By the Wall Street Journal Editorial Board
It is possible to argue that the greatest moral issue in America—and there are many—is the generations-long failure to give an adequate education to children in the country’s poorest neighborhoods. Failure begets failure in many urban school systems, and we at least have arrived at a shared admission of what happens. It is called falling behind.
Two wealthy Americans— John Walton of the Walmart fortune and New York investor Ted Forstmann —decided enough was enough. Each contributed $50 million to create a new idea called the Children’s Scholarship Fund. The CSF is currently celebrating its 20th anniversary, and it is indeed an occasion for celebration. The Fund has raised $741 million and provided scholarships to 166,000 students.
This didn’t happen merely because two rich guys wanted to do something nice with their wealth. Both had thought a lot about the seemingly intractable problem of underachieving inner-city kids. On the day they announced the first scholarship awards, Forstmann said: “Some insist that if we would just keep doing more of what we have been doing—spend more money, hire more teachers and reduce class sizes—we will get different results. I don’t believe that anymore.”
In the 20 years since, many others have come to the same conclusion. No longer willing to wait for the public schools to reform, they have used their individual wealth to underwrite alternatives.
The most well-known is the public charter-school system, though the teachers unions have fought relentlessly to thwart competition from charter schools. Walton and Forstmann chose to pull away altogether from the public model.
The Children’s Scholarship Fund subsidizes tuition at private schools or parochial schools run by the Catholic Church.

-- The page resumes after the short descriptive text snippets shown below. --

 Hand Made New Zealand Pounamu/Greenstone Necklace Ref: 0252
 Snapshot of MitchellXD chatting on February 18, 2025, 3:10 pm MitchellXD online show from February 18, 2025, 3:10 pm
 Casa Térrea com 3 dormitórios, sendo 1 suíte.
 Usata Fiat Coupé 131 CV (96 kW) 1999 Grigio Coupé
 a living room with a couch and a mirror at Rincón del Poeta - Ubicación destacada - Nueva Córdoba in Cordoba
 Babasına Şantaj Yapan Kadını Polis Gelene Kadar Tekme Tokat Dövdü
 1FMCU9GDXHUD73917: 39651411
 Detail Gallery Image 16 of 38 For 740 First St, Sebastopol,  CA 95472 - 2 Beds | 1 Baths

It requires parents to contribute a few thousand dollars to the tuition cost, believing that commitment provides an incentive for active engagement in their children’s school life.

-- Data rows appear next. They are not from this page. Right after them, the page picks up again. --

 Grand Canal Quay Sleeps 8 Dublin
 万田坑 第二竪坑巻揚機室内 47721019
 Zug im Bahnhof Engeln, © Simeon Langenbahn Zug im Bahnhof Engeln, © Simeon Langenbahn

Over the years a remarkable network of schools has emerged across the country built around the basic idea of parent-driven performance. Examples include the Cristo Rey network, Partnership Schools in New York City, Milwaukee’s Seton Catholic Schools, and Independence Mission Schools in Philadelphia.
Ted Forstmann and John Walton both died too young, but their legacy includes having rescued tens of thousands of children from failing public schools that ruin so many lives year after depressing year.